In order to make the technical means, the creative features, the achievement purposes and the functions of the present invention easy to understand, in the description of the present invention, it is to be noted that the terms "center", "upper", "lower", "left", "right", "vertical", "horizontal", "inner", "outer", etc. indicate the orientation or the positional relationship based on the orientation or the positional relationship shown in the drawings, only for the convenience of describing the present invention and simplifying the description, but not for indicating or implying that the indicated device or element must have a specific orientation, be constructed and operated in a specific orientation, and thus, cannot be understood as limiting the present invention. Furthermore, the terms "a," "an," "two," and "three" are used for descriptive purposes only and are not to be construed as indicating or implying relative importance.
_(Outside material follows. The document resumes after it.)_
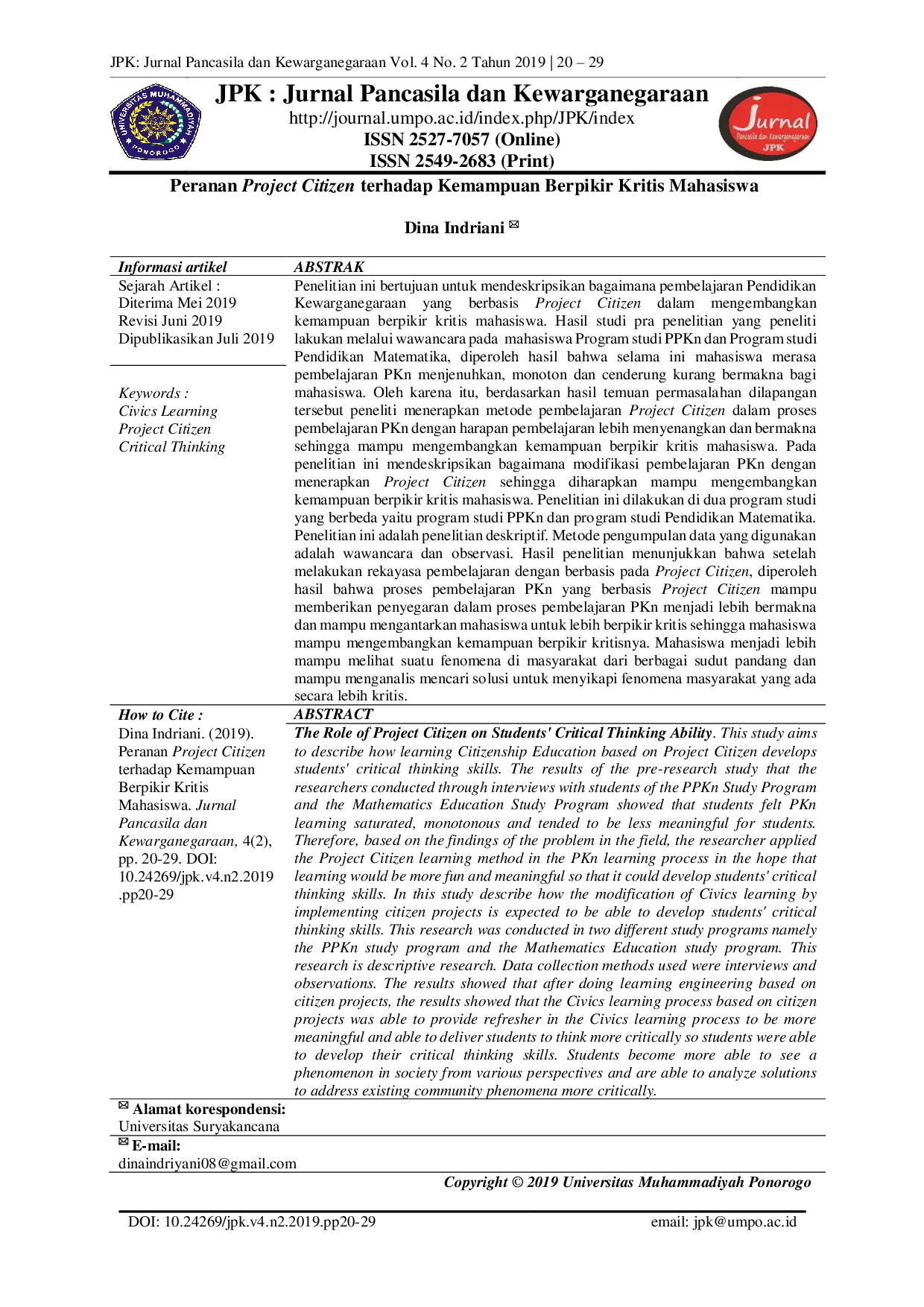 JURIS Peranan Project Citizen terhadap Kemampuan Berpikir Kritis Mahasiswa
The present invention will be further described with reference to the following detailed description.

Example 1

As shown in figures 1-4, a building seepage detection device for hydraulic engineering comprises a working box 1 and two sealing devices 2, wherein four corners of the lower surface of the working box 1 are fixedly connected with supporting legs 101, the bottom ends of the supporting legs 101 are provided with universal wheels 102, the upper surface of the working box 1 is fixedly connected with a fixed cylinder 3, a movable cylinder 4 is arranged above the fixed cylinder 3, the top end of the fixed cylinder 3 is positioned inside the movable cylinder 4 and is fixedly connected with a limiting block 5, the left side and the right side of the limiting block 5 are fixedly connected with sliding blocks 501, the inner walls of the left side and the right side of the movable cylinder 4 are respectively provided with a sliding groove 502 matched with the sliding blocks 501, the middle part of the inner top wall of the movable cylinder 4 is fixedly connected with a motor 6, the output end of the motor 6 is fixedly connected with a first lead screw 7, the bottom end of the first lead screw 7 penetrates through the limiting block 5 and is fixedly connected with a stop block 8, the first lead screw 7 is in threaded connection with the limiting block 5, the top of a movable section of thick bamboo 4 rotates through the bearing and is connected with fixed plate 9, two all are provided with two connecting rods 10 about fixed plate 9, the one end fixedly connected with mounting panel 11 of fixed plate 9 is kept away from to two connecting rods 10, threaded connection has second lead screw 12 on the mounting panel 11, second lead screw 12 is close to the one end fixedly connected with handle 13 of connecting rod 10, the outer fixed surface of handle 13 is connected with anti-skidding line, the one end that connecting rod 10 was kept away from to second lead screw 12 is connected through the bearing rotation with sealing device 2, sealing device 2 is close to one side fixedly connected with guide bar 14 of mounting panel 11, the one end that sealing device 2 was kept away from to guide bar 14 runs through mounting panel 11, guide bar 14 and mounting panel 11 sliding connection.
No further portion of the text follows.